Another individual I crossed paths with was big time nyc lawyer who let me rent a room out of his cottage (small, modest) at a ski resort.  He left everything behind to become a ski instructor.... the environment and the people in the room just seem to light up when he shows up.  His good demeanor is contagious.  

In those two cases, wealth is defined in other terms... not material.  I continuously remind people that the "success" of an indivdual should not be based on the person's car or bank account.  All that means is that their "talent" is more marketable in our unfair world.

Sorry if I sound pessimistic (my friends make fun of me because of it) but  I've crossed paths with others that also have similar stories and I am approaching a similar point in my life.   I just have to conjure up the courage to make a change... or just make the current work better.  In either case, the OP is young... take the risks NOW.  Once you have a mortgage, kids, and wife that depends on you, often the choice is made for you regardless.


----------



## JerryPH

usayit echos my sentiments 10000000000000%!!

When I was working for someone making $250,000, I was working 20 hour days, 7 days a week.  I was tired, ill and constantly burnt out.

This company was the main reason I struck out on my own.  First thing I did was take 3 months off to physically recover, and 3 months to restructure my work carreer.  Best 6 months of my life and I was never happier that fierst year and making $10Gs that first year over making $250Gs and killing myself.  Within 6 months, I was happy, healthy and LIVED life for me and my family.  Yes I make more than that now, but that lesson of placing life and family before work is my mantra to this day.

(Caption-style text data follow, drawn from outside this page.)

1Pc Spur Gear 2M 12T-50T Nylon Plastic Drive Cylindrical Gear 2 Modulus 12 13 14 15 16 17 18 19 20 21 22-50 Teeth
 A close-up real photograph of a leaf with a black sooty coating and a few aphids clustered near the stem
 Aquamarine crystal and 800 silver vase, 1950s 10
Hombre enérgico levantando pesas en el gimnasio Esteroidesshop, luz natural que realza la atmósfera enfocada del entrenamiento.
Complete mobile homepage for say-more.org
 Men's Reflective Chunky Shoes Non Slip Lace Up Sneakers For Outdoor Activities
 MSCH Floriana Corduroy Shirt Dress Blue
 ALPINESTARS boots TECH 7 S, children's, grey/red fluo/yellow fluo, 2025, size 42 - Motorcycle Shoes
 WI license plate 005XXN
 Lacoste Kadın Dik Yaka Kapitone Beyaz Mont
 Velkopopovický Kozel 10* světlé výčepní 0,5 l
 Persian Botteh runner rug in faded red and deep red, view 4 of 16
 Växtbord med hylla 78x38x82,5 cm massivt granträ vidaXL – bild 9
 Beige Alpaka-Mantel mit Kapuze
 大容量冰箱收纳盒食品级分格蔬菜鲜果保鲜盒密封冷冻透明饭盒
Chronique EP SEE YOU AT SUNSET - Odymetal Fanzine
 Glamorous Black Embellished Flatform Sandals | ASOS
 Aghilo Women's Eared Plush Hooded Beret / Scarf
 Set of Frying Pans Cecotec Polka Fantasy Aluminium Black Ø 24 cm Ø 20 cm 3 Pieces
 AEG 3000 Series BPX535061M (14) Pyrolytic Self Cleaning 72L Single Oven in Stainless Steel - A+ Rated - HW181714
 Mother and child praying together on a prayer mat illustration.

I'd rather live as a happy pauper than the richest and most miserable lifeless man on the planet any day.


----------



## usayit

JerryPH said:


> usayit echos my sentiments 10000000000000%!!
> 
> When I was working for someone making $250,000, I was working 20 hour days, 7 days a week.  I was tired, ill and constantly burnt out.



Sounds exactly like a repeat movie of my life at this moment.. hehehe lol..

I joke with my friends that I am in a state where maturity/wisdom that comes with age is at balance with the immaturity of what's left of my youth.

They usually respond with "you talk too much.. just admit it and call it mid-life-crisis".

For now, I managed to work my schedule to stack hours into single days... so I now work only 5 days but they are long....  

The days when you notice "usayit" not logged into the TPF are the good ones.... he's out shootin (with family) instead of being stuck behind computers.


----------



## *Mike*

Photography isn't known for being lucrative...  Here's a link: US Occupational Outlook Handbook.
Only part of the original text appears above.